* The problem
Your task is to print, exactly and only, the lines from the start of the entries below through the line with "Question eight: give". Include both ends, but skip the pictures.

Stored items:
▶

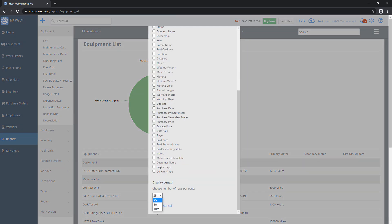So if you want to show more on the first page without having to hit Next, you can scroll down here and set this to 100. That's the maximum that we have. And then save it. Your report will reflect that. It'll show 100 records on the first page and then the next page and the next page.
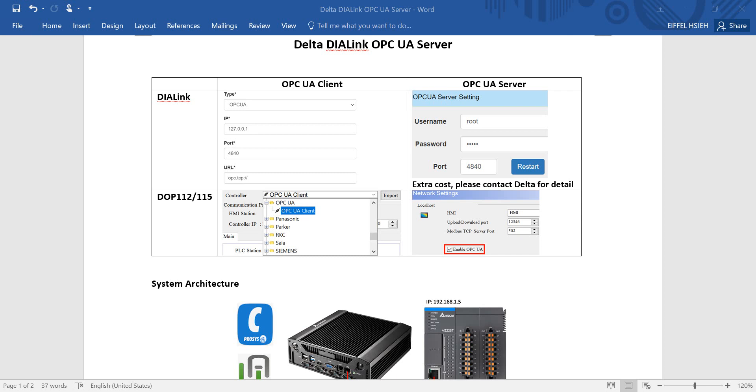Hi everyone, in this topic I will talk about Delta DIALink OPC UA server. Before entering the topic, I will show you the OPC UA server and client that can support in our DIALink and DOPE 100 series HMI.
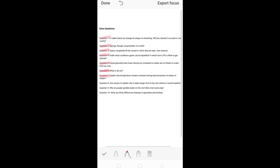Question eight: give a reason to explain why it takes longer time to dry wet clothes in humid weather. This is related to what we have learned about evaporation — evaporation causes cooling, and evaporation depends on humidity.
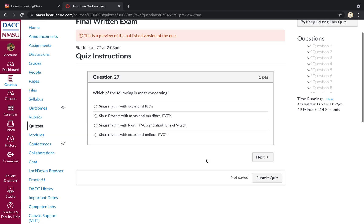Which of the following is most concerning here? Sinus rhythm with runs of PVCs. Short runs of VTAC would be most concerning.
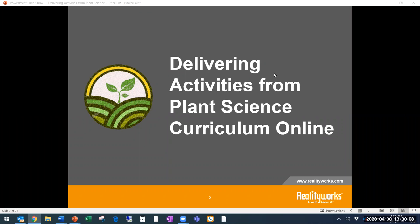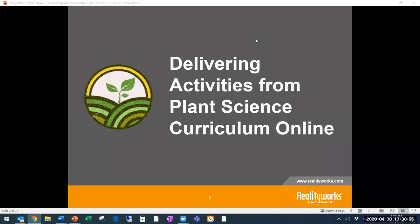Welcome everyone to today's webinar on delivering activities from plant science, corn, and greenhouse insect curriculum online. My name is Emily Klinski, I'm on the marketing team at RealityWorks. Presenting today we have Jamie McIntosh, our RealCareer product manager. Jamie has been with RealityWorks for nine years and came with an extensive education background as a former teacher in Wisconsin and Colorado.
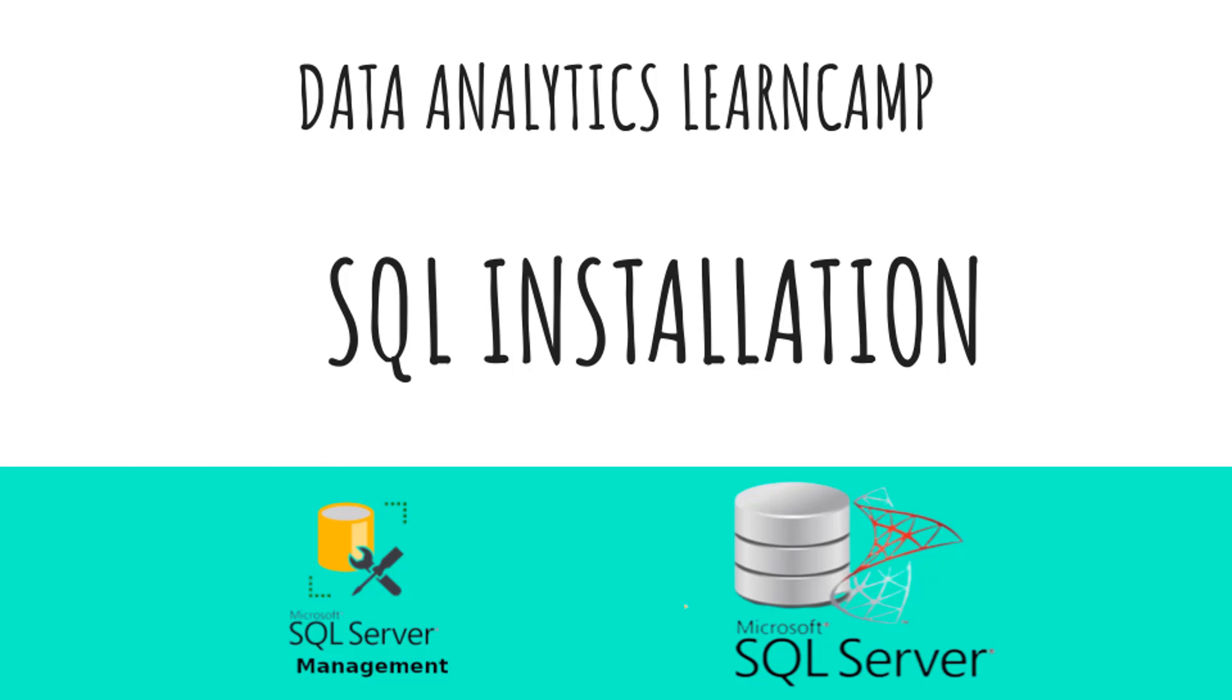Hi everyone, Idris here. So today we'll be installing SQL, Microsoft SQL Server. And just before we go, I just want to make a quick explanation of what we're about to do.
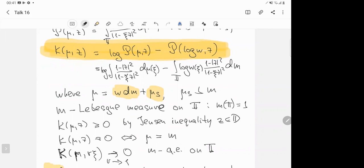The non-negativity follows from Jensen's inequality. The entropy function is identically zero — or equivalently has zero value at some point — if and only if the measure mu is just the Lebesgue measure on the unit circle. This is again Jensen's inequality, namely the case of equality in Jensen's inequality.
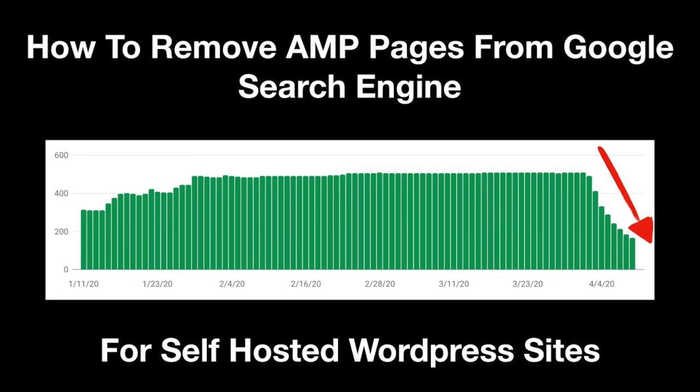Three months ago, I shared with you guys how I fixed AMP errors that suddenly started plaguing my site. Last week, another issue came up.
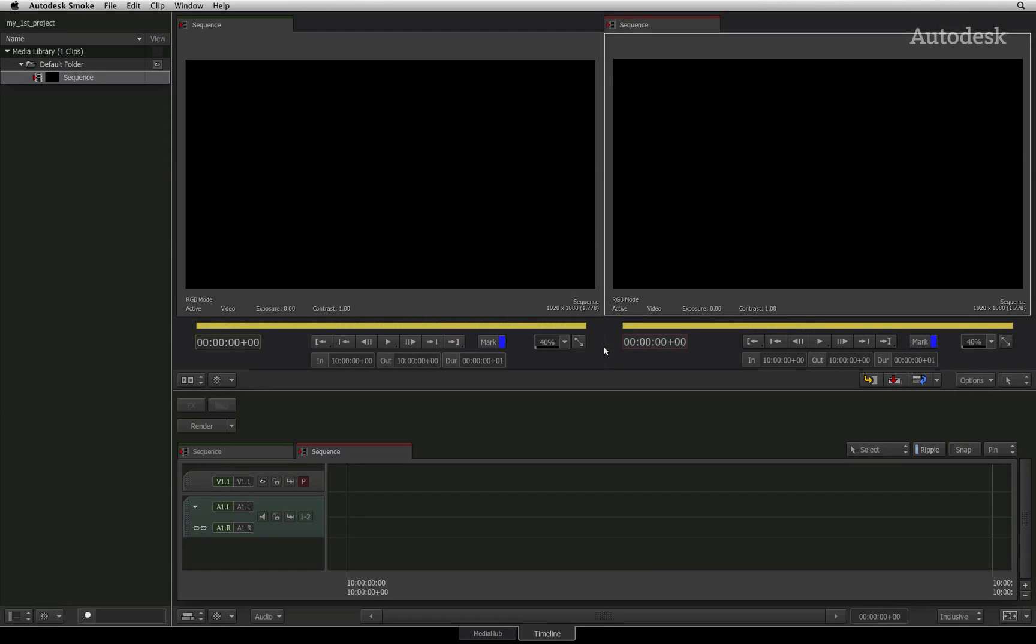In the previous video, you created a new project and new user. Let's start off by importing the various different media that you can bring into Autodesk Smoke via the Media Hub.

◀

* Your response
So if you want to show more on the first page without having to hit Next, you can scroll down here and set this to 100. That's the maximum that we have. And then save it. Your report will reflect that. It'll show 100 records on the first page and then the next page and the next page.
Hi everyone, in this topic I will talk about Delta DIALink OPC UA server. Before entering the topic, I will show you the OPC UA server and client that can support in our DIALink and DOPE 100 series HMI.
Question eight: give a reason to explain why it takes longer time to dry wet clothes in humid weather. This is related to what we have learned about evaporation — evaporation causes cooling, and evaporation depends on humidity.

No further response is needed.